Sistani Calls for ‘Civil State’ in Iraq
Iraqi politicians — whether Shiites, Sunnis or Kurds — have for years tried to drag supreme Shiite cleric Ali al-Sistani into their ongoing political conflicts. To this day, certain parties have not grown tired in their efforts, through any means possible, to bridge the wide gap between the prevailing view in Najaf — based on religious figures maintaining distance from politics — and the prevailing theory in the Iranian city of Qom — based on religious figures assuming political roles.
However, Sistani — a charismatic man who adheres to a near-obsolete legacy that is hard to change — resisted, and is resisting, all of these attempts. He is doing so not only out of an ascetic desire to abstain from politics and power, but also to protect millions of his Shiite followers throughout the world from the effects of severing the thin line between the religious Shiite figure and the political leader.
Sistani recently issued a serious of highly significant recommendations through his representative in Karbala regarding the crisis represented by the Sunni demonstrations in Iraq. He said that he is calling for a “civil state,” based on respect for the law and the constitution, human rights, and equality.
This supreme Islamic religious figure did not talk about a “religious state,” nor did he fill his speech to politicians and the public with religious expressions, Quranic verses, or sayings from the prophet. Rather, with clarity and in a language understood throughout the world, he called for “a civil state.”
This understanding not only means that Sistani deeply understands the movements within Islamic communities, and their diversity and conflicting visions regarding a “religious state” and its limits, but that he — like most senior Islamic clerics throughout history — fundamentally looks at society and the role of religion as an interactive, not unilateral, relationship. It was this vision that has allowed the Shiite sect to adapt to ongoing political and historical developments throughout history. And it is this same vision that allowed religion, and its position vis-à-vis politics, to be based on the idea of independence, not dependency or hostility.

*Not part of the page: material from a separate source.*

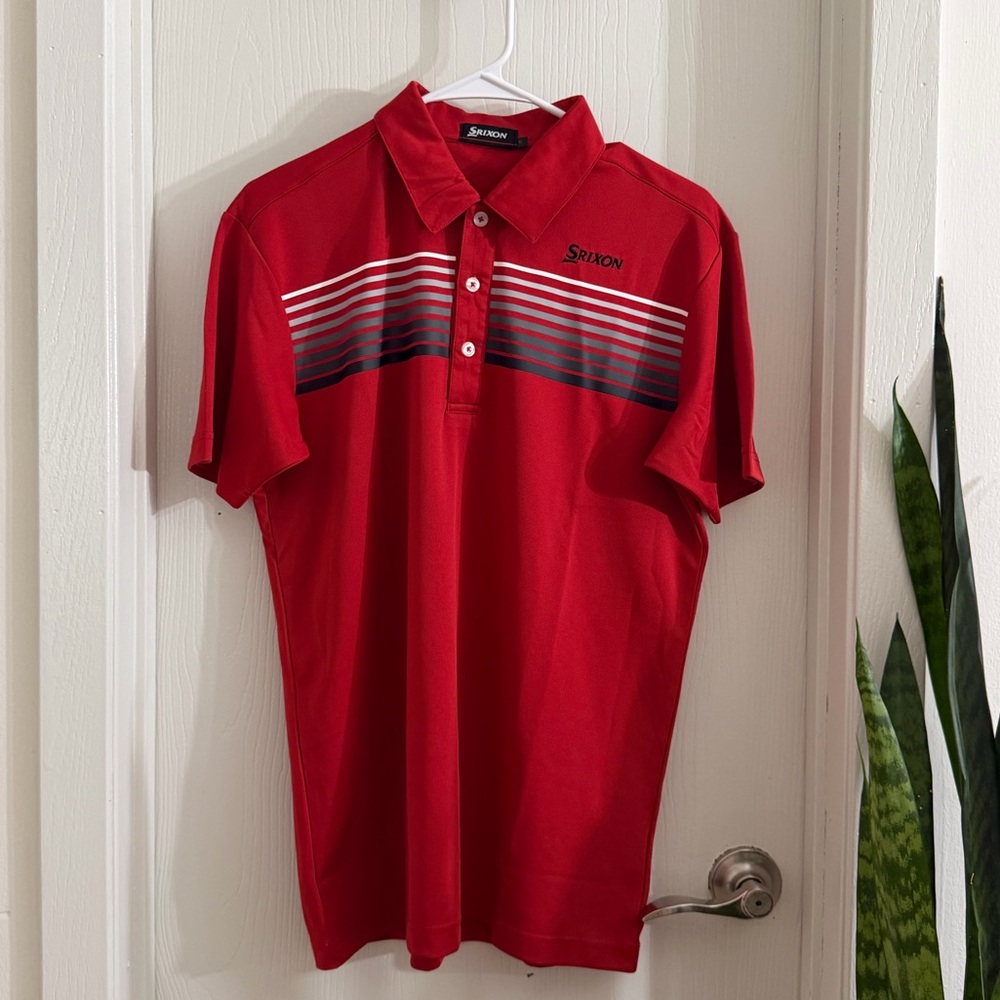 Syndon Men's Red Polo Shirt with Striped Design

Sistani’s vision differs from that of many Shiite religious and political leaders. Some of them still maintain the dream that the religious authorities will one day take charge of the premiership, while Sistani views religion as something symbolic of history, place and time, more than a governmental function.
A few days ago, Sistani met with the representative of the Secretary-General of the United Nations in Baghdad, Martin Kobler, and discussed with him the crisis relating to the demonstrations. The two men agreed on a road map that must be adopted to solve this crisis.
This meeting comes following a period of nearly three years in which Sistani had closed the door to Iraqi politicians. He did so as a result of his displeasure at their performance, and to force them to practice politics away from any religious or sectarian influence. He wanted politics to be practiced as “job” not as a “religious mission.” Yet when the crisis reached a dangerous level, Sistani had no choice but to clarify his understanding of the state. He views the state as a “civil” entity in which there is no difference between Shiites, Sunnis and Kurds, except at the ballot boxes. It is a state of “law,” where a modern constitution is harmonious with human rights; democracy is the basis, the judiciary rules. It is a “peaceful” state, meaning respect for international rules and law and discipline within the parameters of international peace and security.